Two days ago, the Supreme Court of India restrained the National Board for Wildlife (“the Board”) from implementing its decisions. The order was particularly significant because the Standing Committee of the Board had very recently cleared more than 140 projects that had been awaiting its approval. The approval of the Board is a requirement under Section 29 of the Act, that has to be fulfilled before any such activity can proceed in national parks and wildlife sanctuaries.
The Court had found prima facie that the constitution of the Board violated the provisions of the Wildlife Protection Act, 1972 (“the Act”). Sanjay Upadhyay, the environmental lawyer who is representing the petitioner in this matter, explained the illegalities highlighted in the petition.

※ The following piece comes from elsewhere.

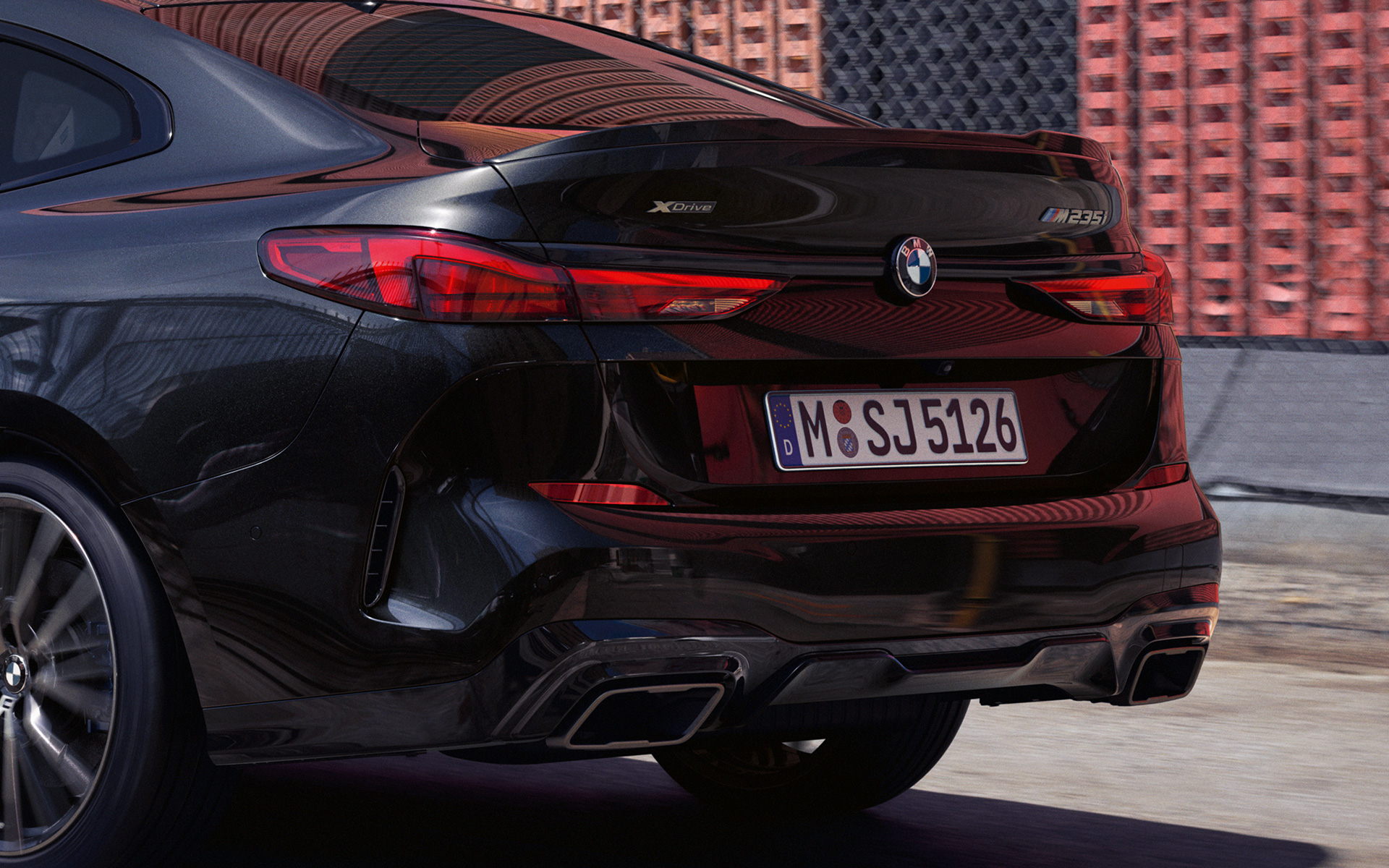 Stražnji kraj BMW M235i xDrive Gran Coupé F44 Atletski stražnji kraj BMW M235i xDrive Gran Coupé F44 2020 Black Sapphire metalik tročetvrtinski pogled straga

He said that Section 5A of the Act envisages that the Board should have ten independent experts including environmentalists, environmental experts, and ecologists, and five non-governmental organisations. A notification issued on July 22, 2014, however, only talks about two experts – “a retired forester from Gujarat and the other is a retired scientist from the Indian Institute of Science in Bangalore”.
“Without going into the merits of who they are, the fact is that there were supposed to be ten of them but there are only two.” Secondly, there is only one NGO, the GEER Foundation from Gujarat, headed by the Chief Minister of Gujarat. “It is fairly well known that it is a government controlled NGO.” Further, ten states had to be appointed but only five were.
The view taken by the petitioners therefore is that the membership of the National Board for Wildlife that has been notified does not conform to the Wildlife Protection Act, 1972. “Prima facie, the Court has decided that the constitution of the National Board for Wildlife is not in accordance with the Section 5A of the Act. The second part of the order is that the Board may function but they may not give effect to any decision of the Board until the next date of hearing.”